(ASSIGNMENT)
Drop every picture, then repeat the records exactly.

==============================

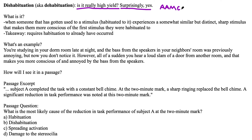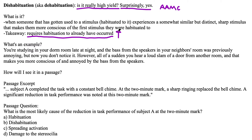Let's jump into what exactly dishabituation is. In my own words, it's when someone who has gotten used to a stimulus — so habituation has already occurred — experiences a somewhat similar but distinct, sharp stimulus that makes them more conscious of the first stimulus they were habituated to. The big takeaway is that it requires habituation to already have occurred, and despite its name, it actually increases the response to a stimulus. You're actually noticing that stimulus even more.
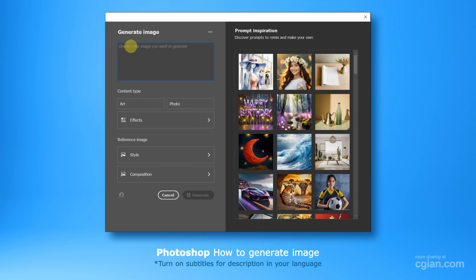Hello, I'm C.G. Ian. This is our back video to show how to generate image in Photoshop.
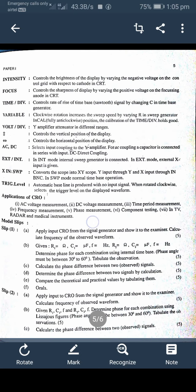The fifth control is the volts-per-division Y amplifier attenuator in different ranges. There is also a control for the vertical position of the display and a control for the horizontal position of the display. The AC/DC switch selects the input coupling to the Y amplifier — for AC coupling, a capacitor is used.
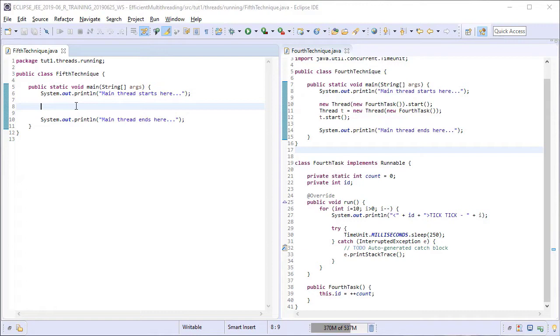Now this one is a quick and dirty technique. In this technique, we are going to use an inline task definition by using an anonymous inner class implementation of the runnable interface. We will provide this definition to a Thread object and then invoke the start method on that Thread object.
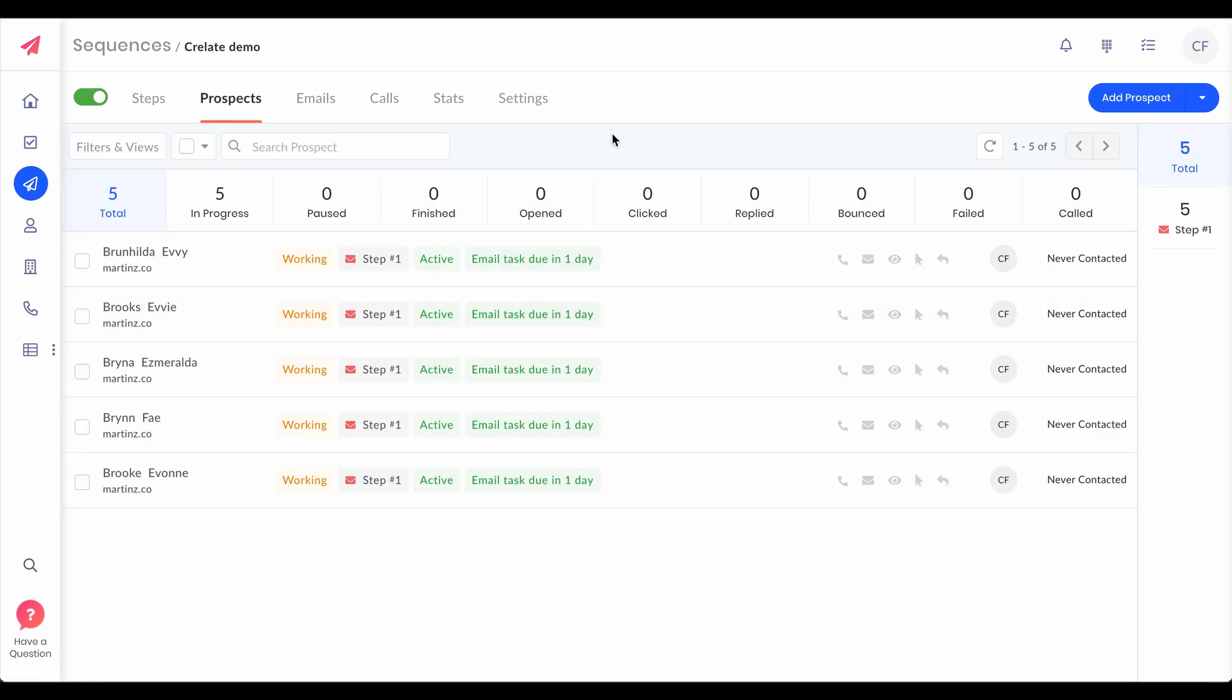Boom! Now if you just revisit what we have done: we've created a new job on Crelate, added five contacts to the job, and they automatically came and enrolled into a sequence on Outplay.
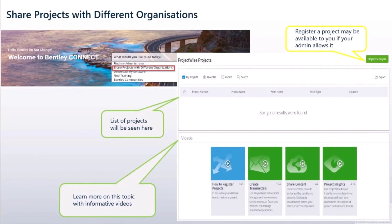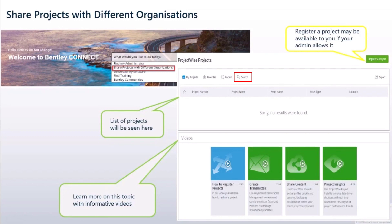Share projects with different organizations — this feature allows you to share with others both internally and externally. You can favorite important projects, view recent ones, or search through old and new projects. If you have an extensive list, 'Register a Project' allows you to create a new project and add other users to collaborate both internally and externally.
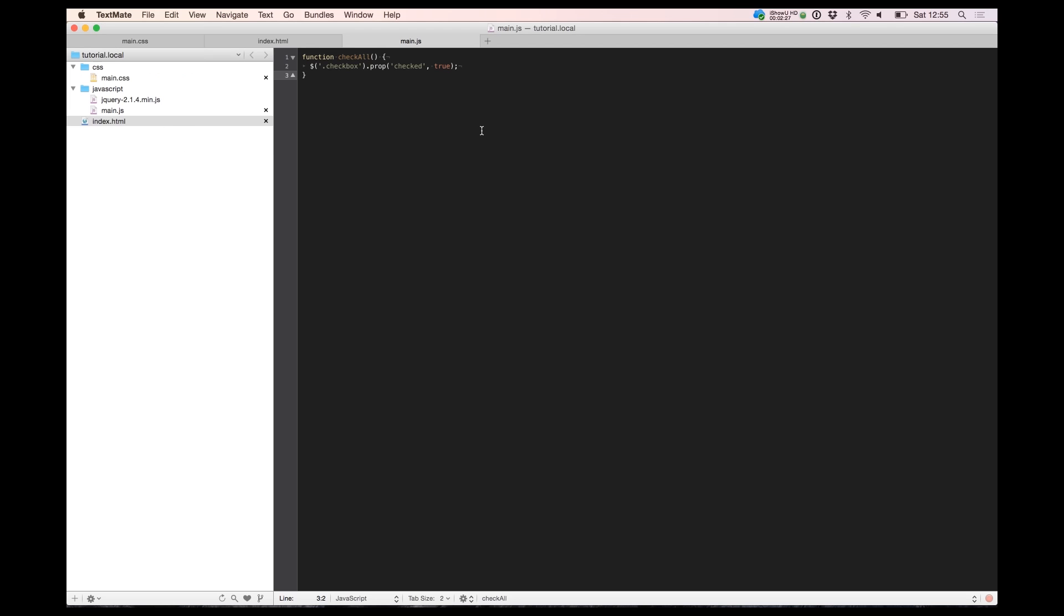So go back to JavaScript and type the next code. We need to build the uncheck function.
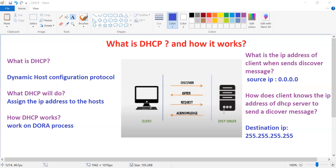What happens if no DHCP server is available in the network? The client gets an IP address from the APIPA — Automatic Private IP Addressing — range. Thank you.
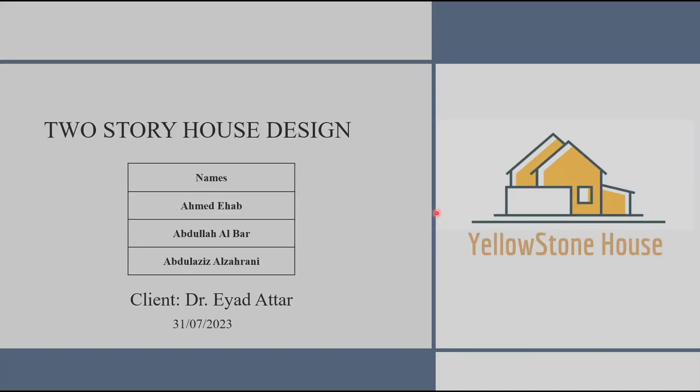Assalamu alaikum, I'm Abdulaziz from Yellowstone House. Today I'll present to you our two-story house design for our client Dr. Iyad Ahtar.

==============================

(ANSWER TO THE EXERCISE)
Let's jump into what exactly dishabituation is. In my own words, it's when someone who has gotten used to a stimulus — so habituation has already occurred — experiences a somewhat similar but distinct, sharp stimulus that makes them more conscious of the first stimulus they were habituated to. The big takeaway is that it requires habituation to already have occurred, and despite its name, it actually increases the response to a stimulus. You're actually noticing that stimulus even more.
Hello, I'm C.G. Ian. This is our back video to show how to generate image in Photoshop.
The fifth control is the volts-per-division Y amplifier attenuator in different ranges. There is also a control for the vertical position of the display and a control for the horizontal position of the display. The AC/DC switch selects the input coupling to the Y amplifier — for AC coupling, a capacitor is used.
Now this one is a quick and dirty technique. In this technique, we are going to use an inline task definition by using an anonymous inner class implementation of the runnable interface. We will provide this definition to a Thread object and then invoke the start method on that Thread object.
Boom! Now if you just revisit what we have done: we've created a new job on Crelate, added five contacts to the job, and they automatically came and enrolled into a sequence on Outplay.
Share projects with different organizations — this feature allows you to share with others both internally and externally. You can favorite important projects, view recent ones, or search through old and new projects. If you have an extensive list, 'Register a Project' allows you to create a new project and add other users to collaborate both internally and externally.
So go back to JavaScript and type the next code. We need to build the uncheck function.
What happens if no DHCP server is available in the network? The client gets an IP address from the APIPA — Automatic Private IP Addressing — range. Thank you.
Assalamu alaikum, I'm Abdulaziz from Yellowstone House. Today I'll present to you our two-story house design for our client Dr. Iyad Ahtar.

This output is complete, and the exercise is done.